Create small-multiples charts from scratch in Matplotlib

matplotlib
tutorial
Author

Teresa Kubacka

Published

November 7, 2022

In this tutorial:

  • how to loop over axes and data
  • how to display axis labels only in some axes
  • how to store styles in dictionaries
  • how to adjust tick frequency
  • how to create a custom legend
  • how to pass properties inside a charting function

Small multiples is an extremely helpful technique in data visualization. See below how a small multiples chart can be done using seaborn’s relplot. How could we make such a chart from scratch in MPL, adjusted to our needs?

import seaborn as sns

flights = sns.load_dataset("flights")

# Plot each year's time series in its own facet
g = sns.relplot(
    data=flights,
    x="month", y="passengers", col="year", hue="year",
    kind="line", palette="crest", linewidth=4, zorder=5,
    col_wrap=5, height=2, aspect=1.5, legend=False,
)

# Iterate over each subplot to customize further
for year, ax in g.axes_dict.items():
    
    # Plot every year's time series in the background
    sns.lineplot(
        data=flights, x="month", y="passengers", units="year",
        estimator=None, color=".7", linewidth=1, ax=ax,
    )

g.tight_layout()

Step 1: read and pre-transform the data

Let’s read in dummy data and preprocess the datetimes, so that we can easily plot:

from seaborn import load_dataset
import matplotlib.pyplot as plt 
import pandas as pd 
import numpy as np

df = load_dataset('flights')
df['m'] = df['month'].cat.codes.apply(lambda x: x+1)
df = df.sort_values(by=['year','m'])

Step 2: create a small-multiples skeleton

We want to create a small multiples chart, one chart per year.

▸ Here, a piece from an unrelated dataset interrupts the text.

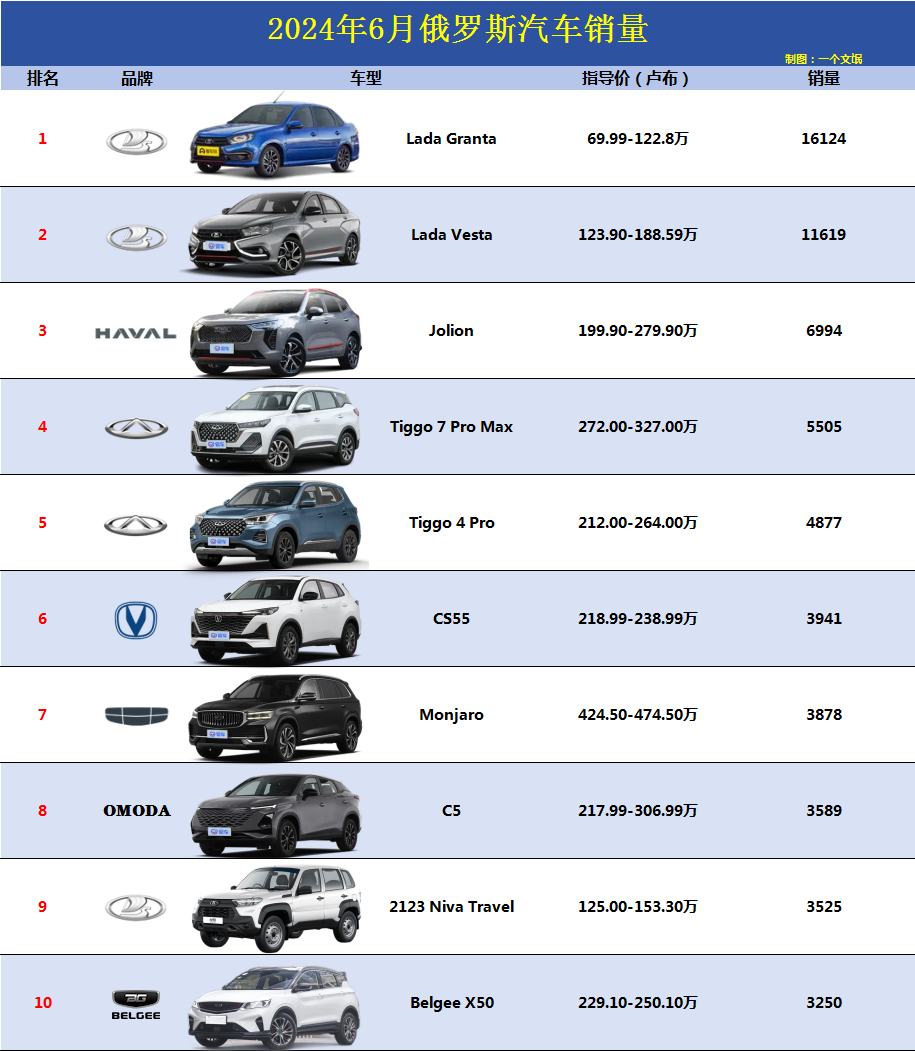最新汽车报价2024,购车指南与趋势分析及市场预测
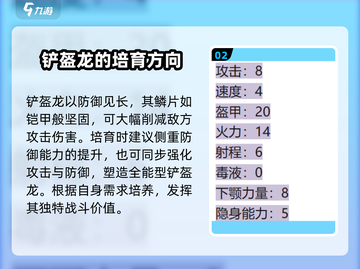 驯龙高手旅程🔥铲盔龙培育方向大揭秘！截图3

Let’s start from defining the rows and columns in the grid manually. We can use plt.subplots() and then iterate over the axes and the sub-dataframe for each axes. For this, we’re going to zip the axes and the keys used to sub-sample the dataframe.

f, axes = plt.subplots(ncols=5, nrows=3, sharex=True, sharey=True)

for chosen, ax in zip(df['year'].unique(), axes.ravel()): 
    tmp_df = df[df['year']==chosen]
    ax.plot(tmp_df['m'], tmp_df['passengers'], )

Bummer: zip will stop evaluating the moment the shorter list is exhausted.

However, we can use a zip_longest function from itertools which will iterate until it exhausts the longer list. If we don’t provide a fillvalue to it, it will produce None once the shorter iterable has been exhausted. E.g.

from itertools import zip_longest
for first, second in zip_longest(range(3), range(5)):
    print(first, second)
0 0
1 1
2 2
None 3
None 4

We need to generate more or equal axes than the number of charts we effectively expect (i.e. in our example, the number of available years). Then whenever we get None for the year, we can remove the axis from the figure:

f, axes = plt.subplots(ncols=5, nrows=3, sharex=True, sharey=True)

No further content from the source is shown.